Avevano in comune la passione per la teoria musicale, ed è quasi certo, come sottolinea Nadler, che Descartes raccontasse ai due amici anche delle sue dottrine filosofiche e scientifiche. Di come tali dottrine si opponessero al sistema aristotelico-scolastico che dominava quasi incontrastato nelle università. E di come avessero la loro giustificazione metafisica nell'idea che l'intelletto umano, con le sue facoltà razionali garantite da Dio, «fosse in grado di scoprire i più profondi segreti della natura, e di derivare, a priori e semplicemente da una considerazione dell'essenza di Dio, le leggi stesse della natura». Una nuova filosofia insomma, che implicava una trasformazione radicale della concezione e dell'immagine del mondo, e che sarebbe diventata il paradigma scientifico del secolo, almeno fino a Leibniz e Newton. Descartes coltivò addirittura l'irrealistica speranza che la sua nuova filosofia potesse essere adottata dalle scuole e dalle università, al posto di quella di Aristotele.
È nel contesto di questa amicizia che, nella convincente ricostruzione di Nadler, nasce il ritratto di Descartes, l'immagine con cui riconosciamo ora il suo volto. A commissionarlo a Hals nel 1649 era stato soltanto Bloemaert, Ban era morto cinque anni prima.

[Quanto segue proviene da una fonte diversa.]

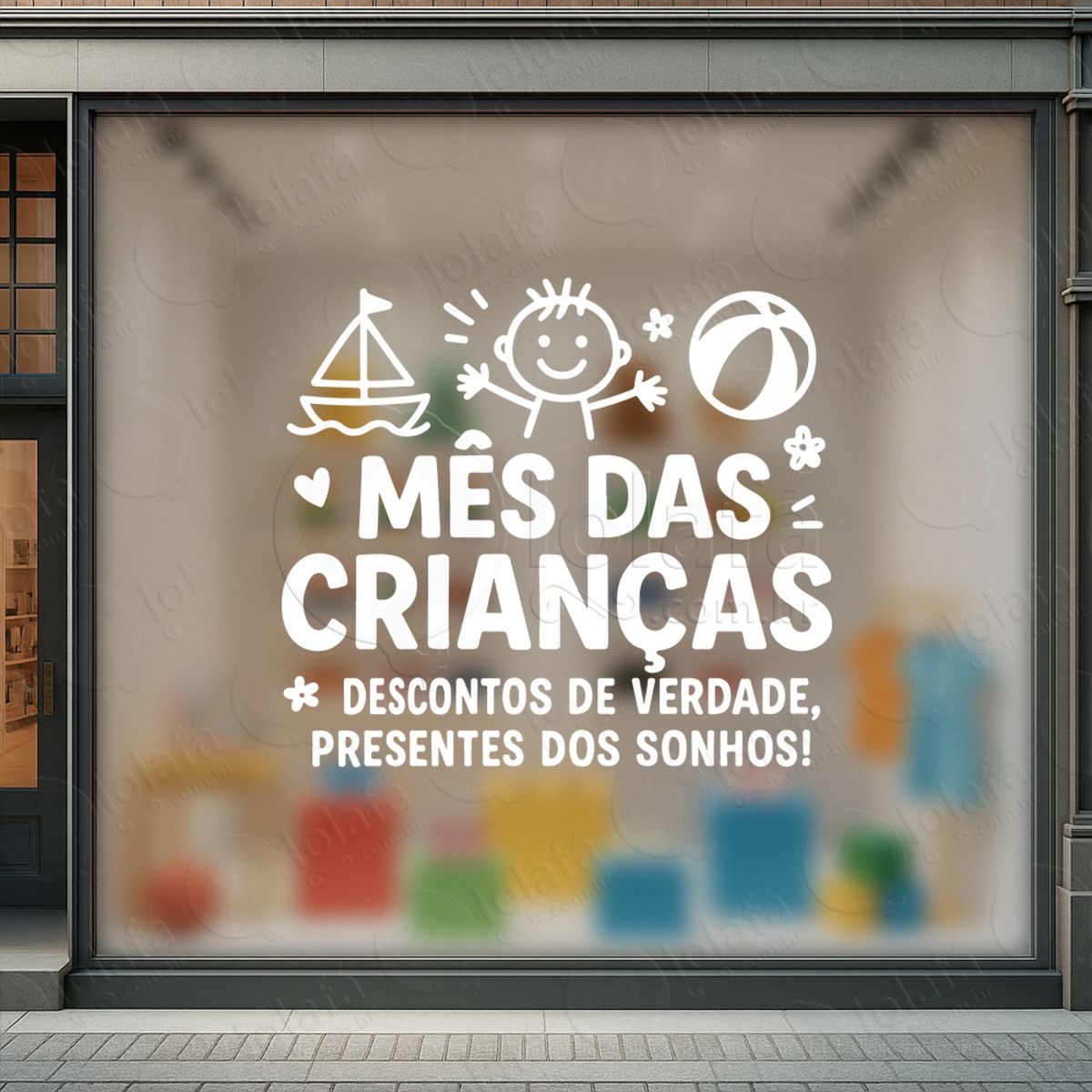 Descontos de Verdade Presentes dos Sonhos Adesivos Para Vitrine Dia Das Crianças Mod:103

Hals, un pittore anche lui di Haarlem, era diventato famoso per la libertà espressiva e per la vivacità cromatica con cui eseguiva i suoi ritratti. Un artista all'epoca ben affermato e costoso, che con la rapidità di tratto e la luminosità di toni che caratterizzavano i suoi dipinti riusciva a infondere vitalità anche al modello più esangue. E fu per un evento piuttosto speciale, la decisione di Descartes di lasciare l'Olanda, che Bloemaert si rivolse proprio ad Hals: voleva mantenere viva la memoria del suo amico con un ritratto intimo e intenso, come quelli che sapeva fare il maestro di Haarlem. Non poteva immaginare, ovviamente, che a quel ritratto sarebbe stata consegnata la fine della lunghissima esperienza olandese di Descartes: l'ultimo fotogramma, per così dire, del filosofo alla vigilia della sua partenza per la corte della regina Cristina di Svezia, dove pochi mesi dopo morirà.